Sultan II. Bayezid'in Kapı Ağası Hüseyin Ağa tarafından 1488 yılında yaptırılmıştır. Ön Asya ve Selçuklu mezar anıtlarında görülen sekizgen plan şeması fonksiyon itibariyle ilk defa bu medresede tatbik edilmiştir. Her kenarda üçer adet yer alan ve tonozlu revakların gerisinde bulunan kubbeli odaların güney kenarında daha büyük ve yüksek bir kümbet ve örtülü mekâna yarım kubbelerin bağlanması ile meydana gelen "L" planlı bir dershane yapının esasını teşkil eder.


1271 senesinde Üçüncü Gıyâseddîn Keyhüsrev devrinde Muzaffer Bürucirdi tarafından yaptırılmıştır. İki katlı dört eyvanlı olan bu eserin çinileri meşhurdur.


Alâeddîn tepesinin kuzeyinde Emir Celâleddîn tarafından 1251’de yaptırılmıştır. Selçuklu devri kapalı medreselerindendir. Doğusunda beyaz ve gök mermerden büyük bir taş kapısı vardır. Medrese günümüzde çini eserler müzesi olarak kullanılmaktadır.


Anadolu’nun ilk medreselerinden olan Niksar ve Tokat Yağıbasan Medreseleri 12. yy. ortalarında yapılmışlardır. Kapalı avlulu olan medreseler plan bakımından da birbirine çok benzemektedir. Yalnız Tokat Yağıbasan 3 eyvanlı, Niksar örneği ise 2 eyvanlıdır. Moloztaş malzemeyle yapılmışlardır. Tokat, Sulusokak mevkiindeki medresenin 1247 tarihli onarım kitabesi Müzede olup, Nizameddin Yağıbasan tarafından yaptırıldığı yazılıdır.

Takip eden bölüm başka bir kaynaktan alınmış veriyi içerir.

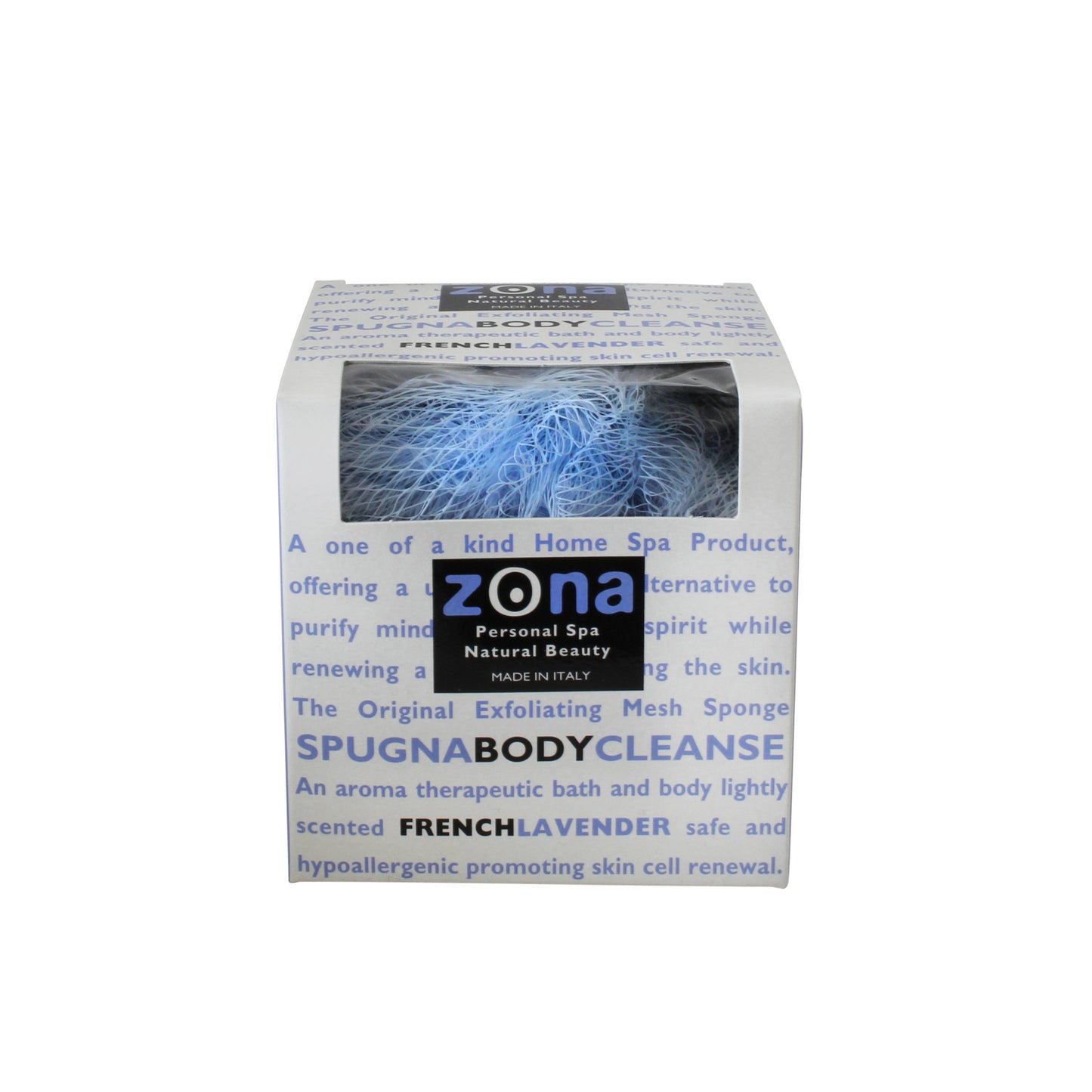 SPUGNA BODY CLEANSE | Daily Exfoliation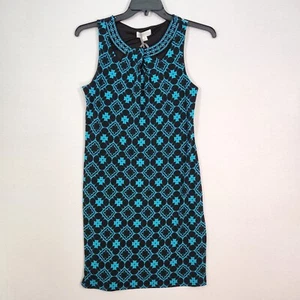 Magnolia Grace Etuikleid ärmellos Damen Medium schwarz Büro - Bild 1 von 10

Kitabesi olmadığından ne zaman yapıldığı ve gerçek adı bilinmez. Selçuklu Sultanı Alaaddin Keykubad'ın kızı Hundi Hatun veya İlhanlı Hanedanı'ndan Padişah Hatun tarafından yaptırılmış olabileceği düşüncesiyle buna Hatuniye Medresesi de denmektedir. Genelde 13. yy. sonlarında yapıldığı kabul edilir. Sultan IV. Murad'ın emriyle tophane haline getirilmiştir.


Hoca Celaleddin Yakut tarafından MS 1310 yılında inşa edilmiştir.İlhanlı döneminden günümüze kalan nadir eserlerden birisidir. İslam Eserleri Müzesi olarak kullanılmaktadır.


Kalenin güneyindeki meydandadır. 14. yüzyılda Alaüddevle Bey’in kızının adına yapıldığı öne sürülen yapı yazıtsızdır. Türbedeki beş satırlık yazıt ise bozulmuştur. Taş Medrese, düzgün olmayan dörtgen planlı açık avlu çevresinde sıralanmış bölümlerden oluşmaktadır. Avlunun sağında medrese odaları, girişin karşısında dikdörtgen planlı mescit ve solunda da piramit çatılı türbe yer alır.


Tarsus İlçesi Merkezi. Tabakhane Mahallesinde bulunmaktadır. 1970 yılından bu yana Tarsus Müze binası olarak kullanılmaktadır. Yapı Ramazanoğullarından Piri Paşa'nın kardeşi Kubad Paşa tarafından 1553 tarihinde medrese olarak inşa edilmiştir. Medrese dikdörtgen planlı olup, ortada avlunun etrafında 16 oda sıralanmıştır. Orijinalinde iki katlı, tek eyvanlı, açık avlulu medreseler grubundandır.